Presented with the staid practices of notecard-based research or any derivatives thereof, students are likely to notice (and rightly so) that they’re being presented with strategies that ask them to devolve what are likely highly complex methods for tracking down information.

Instead, we must realize we are beyond being beholden to what can be found from a single source. Hypertextual sources mean students are able to track from one source to another to another ad infinitum. Anyone who’s jumped down the rabbit hole of Wikipedia knows this to be true.

The “how” and “what” question is ever more important.

In helping students to be researchers, teachers must pose and invite inquiry around some key questions:

What information is relevant to what I want to know?
What information is irrelevant to what I want to know?
How will I know the difference?
What kinds of places might hold interesting knowledge about my questions?
Whom might I want to access to better understand my interests?

Some key components about these questions should jump out immediately. In a super-informed space, it isn’t only about what information can be found, it is important to consider which information is both relevant as well as interesting. When we were counting on the five books from the library, we needn’t discern between what is interesting and what wasn’t. It was a seller’s market and we took notes on every mundane fact we could find to be able to reach our page requirement.

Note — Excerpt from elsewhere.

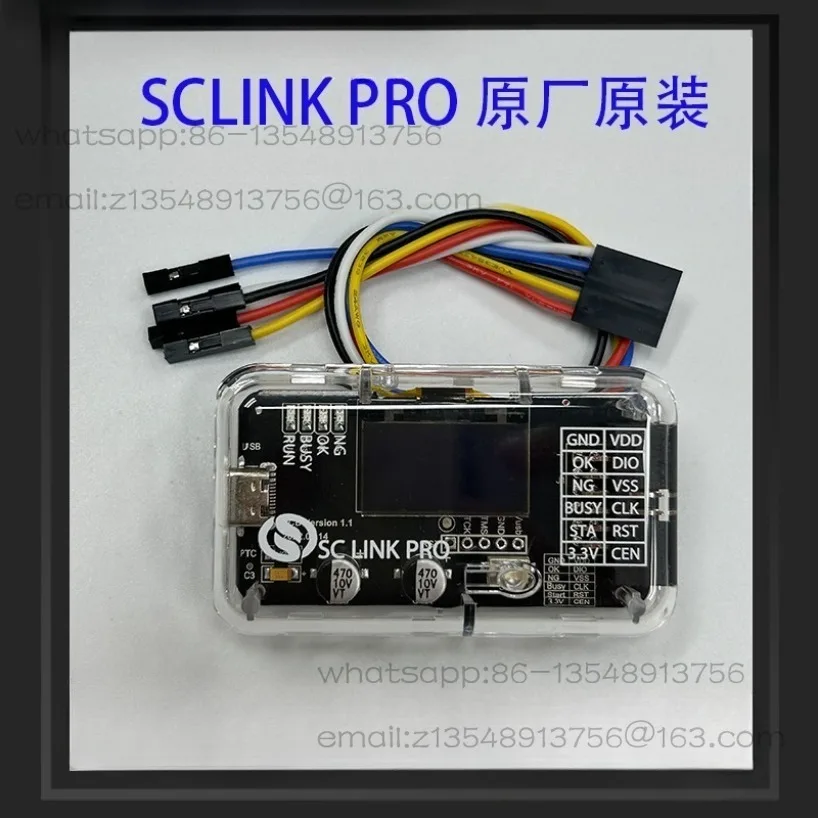 Эмулятор SCLINK PRO, бытовой многочиповый программатор FT200-CN
Эмулятор SCLINK PRO, бытовой многочиповый программатор FT200-CN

Contemporary researchers are flush with relevant and irrelevant as well as interesting and uninteresting information. Teaching to make the distinction is key.

Books also held us to their author’s page-contained views on a topic or a journalist’s one-off article on an event. Contemporary researchers have access to people as well as ideas. In asking whom they might want to contact, students are more likely to consider how they might leverage social technologies to communicate with sources in real time. From email to twitter, students can publish a report Friday that includes information from an interview Wednesday.

Research today must ask better questions with respect to the “how” of the questions we’re asking. It must also allow teachers to practice the kinds of information-gathering and synthesis they’re asking of students. Such an ecosystem is one driven not only to ask complex questions, but to craft complex answers as well.